Sea Beast – 2008 – Paul Ziller
Initialement titré Troglodyte, le film dont il est question ici pouvait donc laisser supposer que les victimes en devenir du récit allaient devoir faire face à une quelconque bestiole terrestre. Une créature vivant au fin fond d’une sombre caverne ou d’une galerie souterraine, dont le ventre gargouillant n’attend pour se taire que le passage d’un groupe de spéléologues égarés. Un choix sans doute inspiré par de récentes productions comme The Descent ou sa suite actuellement en production. C’est pourtant bien des monstres marins, issus des profondeurs abyssales de l’océan, qui officient dans cette production sagement retitrée Sea Beast par Sci Fi Channel, qui diffuse ce téléfilm en avant-première dans le cadre des Sci Fi Original Movies.
Après Beyond Loch Ness, Snakehead Terror, Hammerhead: Shark Frenzy et Frankenfish voici donc surgir du fond des mers »’Sea Beas’t, un énième téléfilm dédié aux bestioles tueuses aquatiques, qui ont toutes la particularité de pouvoir également se mouvoir hors de l’eau.

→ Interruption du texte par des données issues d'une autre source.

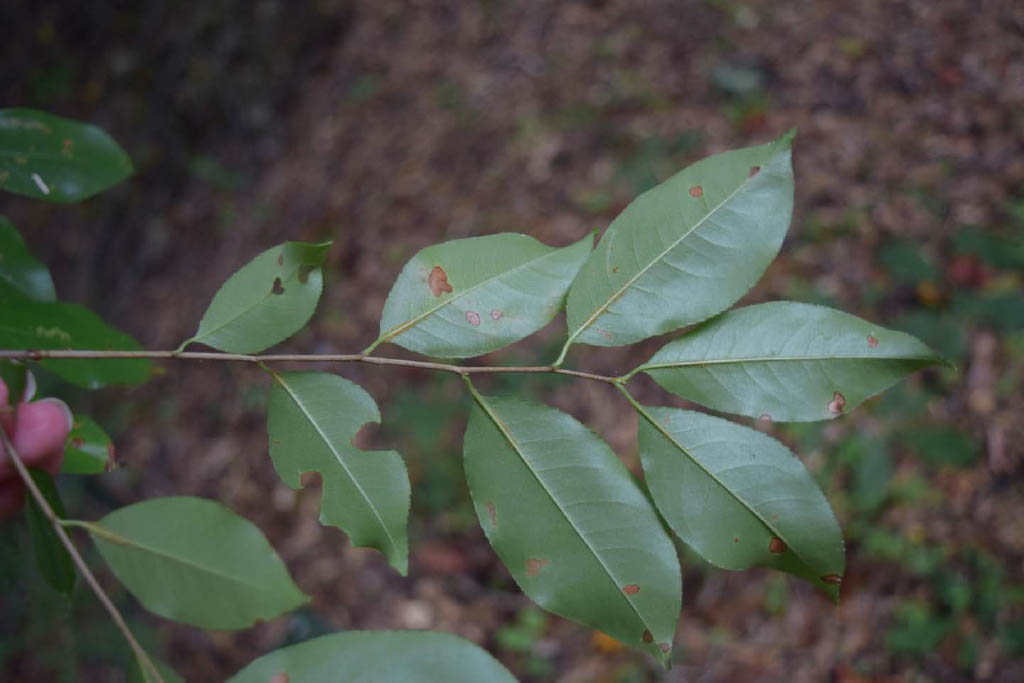 <p>What is the species?</p>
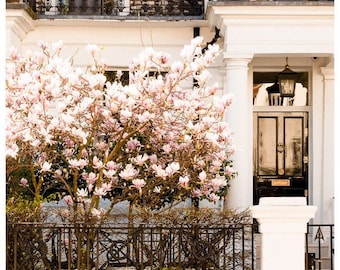 London magnolia blossom tree art print - uk spring photography wall decor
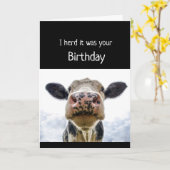 Happy Birthday Cake Sniffing Koe Fun Humor Kaart (Gele Bloem)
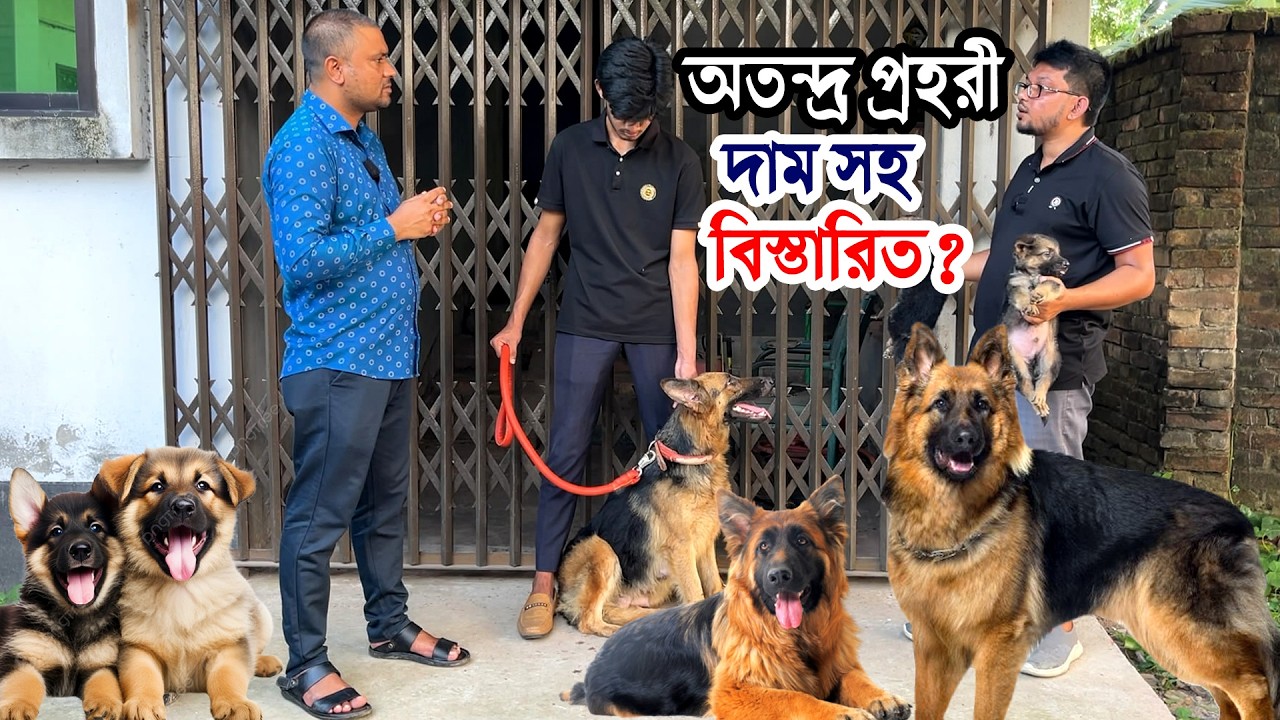 কোটি টাকার সম্পদ পাহারা দেয়- আপনার প্রজেক্টের অতন্দ্র প্রহরী জার্মান শেফার্ড কুকুর | কুকুরের খামার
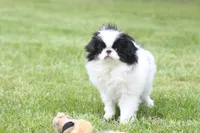 processed/4a16e0b8-ecda-4541-b343-02f879b7508f/listing/1a868151-4208-40c9-8e89-a58f32f1ef83/66499c26-e93f-4bb0-952d-945f33c9b4f3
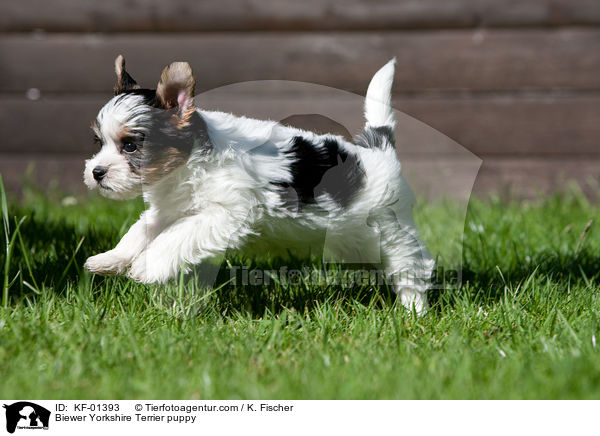 Biewer Yorkshire Terrier Welpe / Biewer Yorkshire Terrier puppy / KF-01393
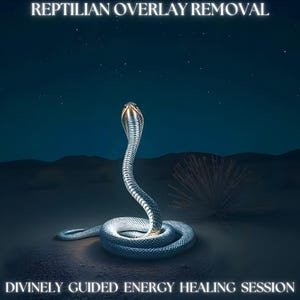 Reptilian Overlay Removal - Divinely Guided Energy Healing Session - Includes Report + Integration Advice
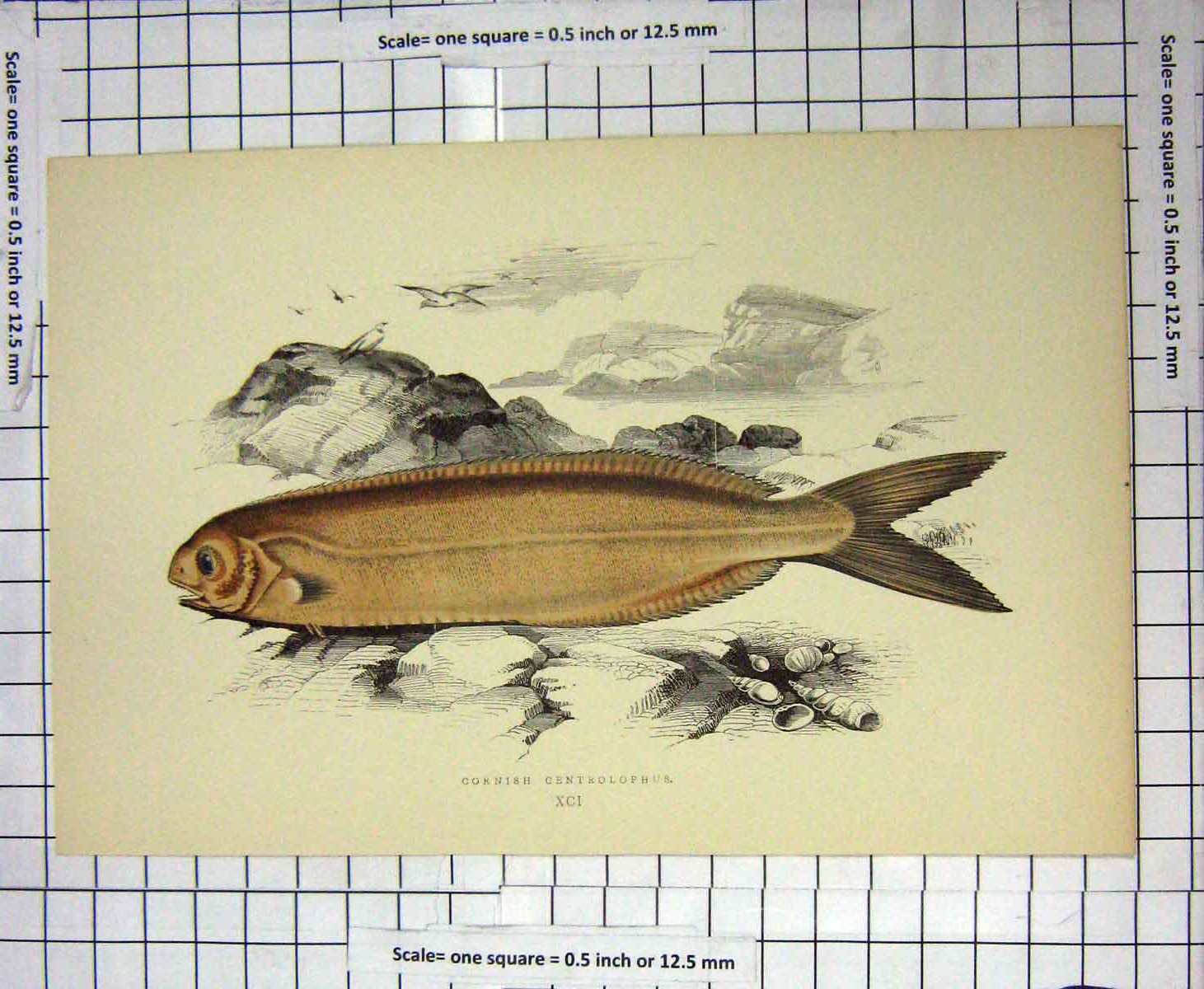 Original Old Antique Print Colour Cornish Centrolphus Fish Nature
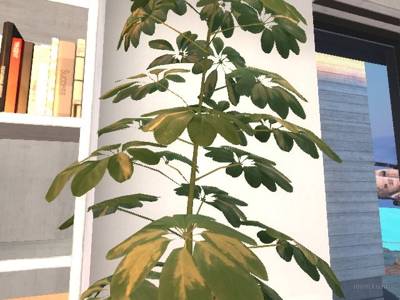 de_extraction thumb 8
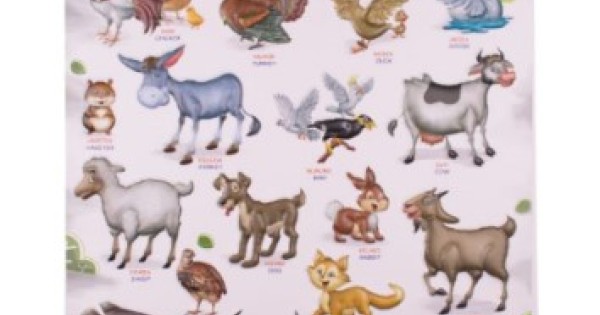 Poster Peraga Pendidikan Hewan Jinak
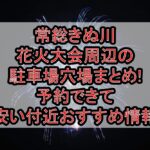 常総きぬ川花火大会周辺の駐車場穴場まとめ!予約できて安い付近おすすめ情報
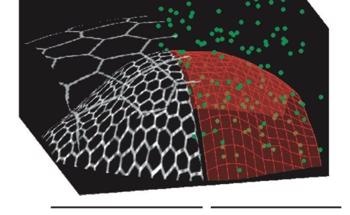 New Smart Microscope Adapts Itself to Image Biological Structures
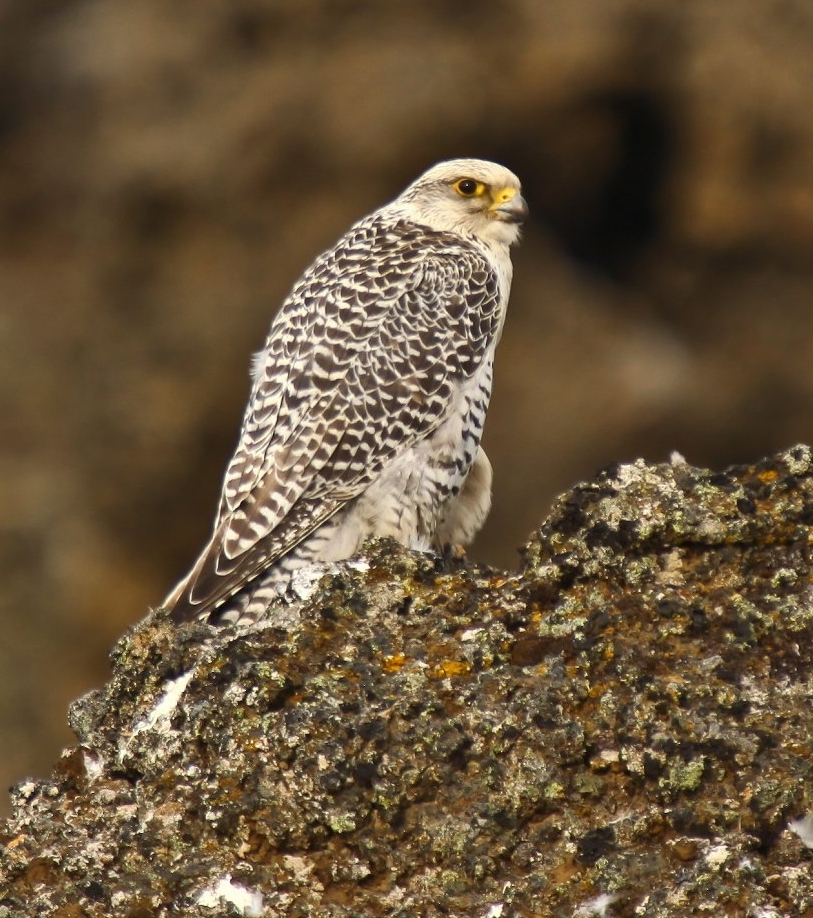 white falcon bird baby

C’est Paul Ziller, réalisateur dont il a souvent été question sur ce site, un adepte des films de bestioles en tout genre, que l’on retrouve derrière Sea Beast. L’homme est déjà à l’origine de projets comme Ba’al, les minables Yeti: Curse of the Snow Demon et Guêpier mortel, ou pour rester dans le monde marin, de titres comme les sympathiques Beyond Loch Ness et Snakehead Terror déjà cités précédemment.
Une fois encore l’originalité n’est pas vraiment au rendez-vous, et c’est avec peu d’entrain que l’on suit l’histoire de ce petit village de pêcheurs, assailli par des monstres amphibies qui vont trouver une certaine résistance sous la forme d’un groupe hétéroclite, composé entre autres d’un capitaine de navire et d’une biologiste marine.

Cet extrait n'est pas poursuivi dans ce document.